It should be mentioned NRI and later RCR were assigned to investigate influence of given neutron source on selected materials; no consideration of different spectra on LVR-15 reactor and ITER were required from EFDA/F4E even though such difference appears to be crucial: thermal neutron source such as LVR-15 research reactor can not simulate fast neutron spectrum with 14 MeV peak, which is typical for fusion devices. As given in [23], LVR-15 neutron lethargy fluency decreases significantly before reaching 10 MeV and almost no >10 MeV neutrons are available in any irradiation position of the LVR-15 reactor. Such fact must be taken in account when evaluating results of irradiated mock-ups; EFDA TW3-TVB-INPILE task did not required any consideration of different neutron spectra and often inquiries from NRI/RCR to EFDA/F4E were not clearly answered. With no official recognition of this issue, it is commonly accepted that reason for using thermal spectrum instead of fast + 14 MeV peak spectrum lays in deficiency in reliable fusion devices and excess of research reactor’s irradiation capacities.

On advice of EFDA scientific unit, the heating with graphite panel was used as generator of required heat flux in TW3 rig.

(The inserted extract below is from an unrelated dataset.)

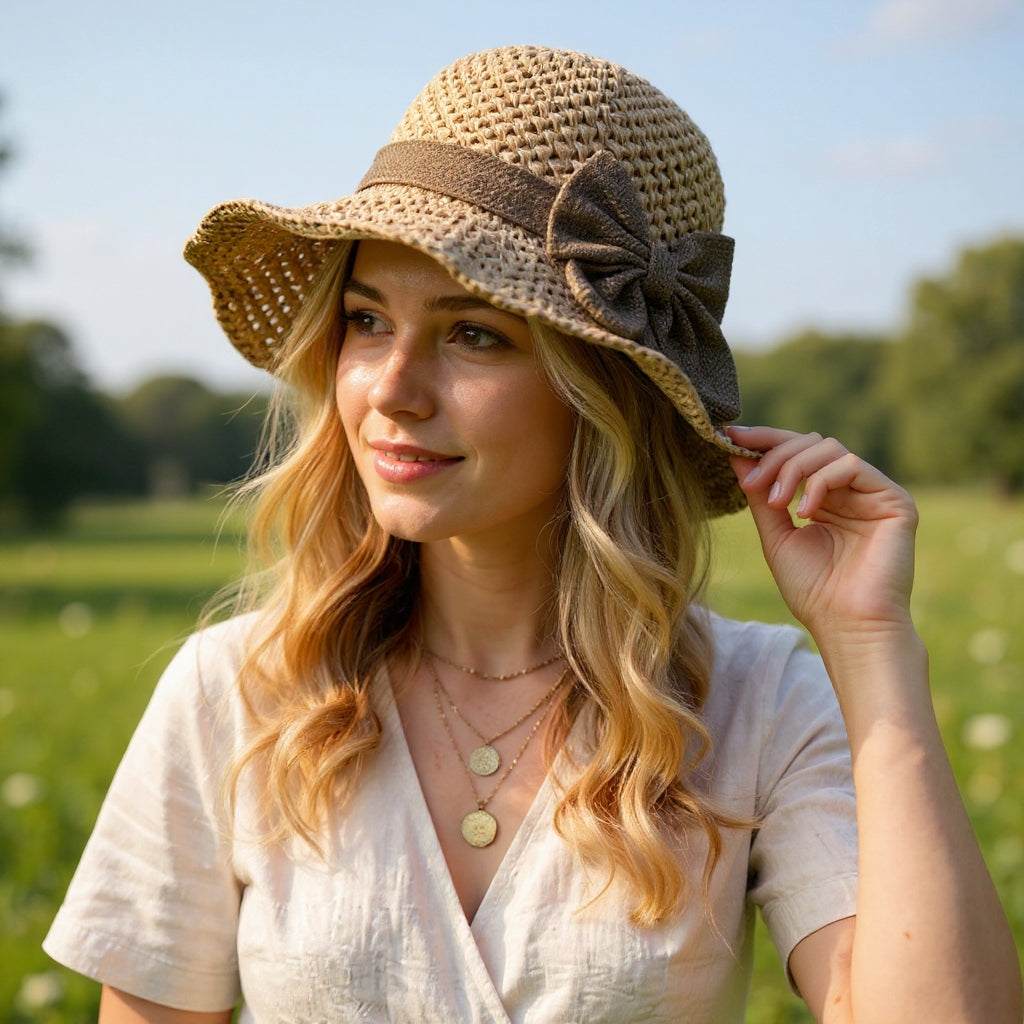 Coralie - Cappello a tesa larga artigianale con fiocco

Its advantages lay mostly in using of DC current, relatively high resistance to neutron deterioration, simple design and related low operation and construction costs. As the task goes on, the biggest disadvantage seems to be in impossibility to perform even the simplest repairs on the rig itself: once inserted in the LVR-15’s core and irradiated, the rig is forbidden for any manipulation except the final irreversible disassembling, when the rig is cut open and irradiated mock-ups are retrieved by means of cutting from rig’s internal installation. 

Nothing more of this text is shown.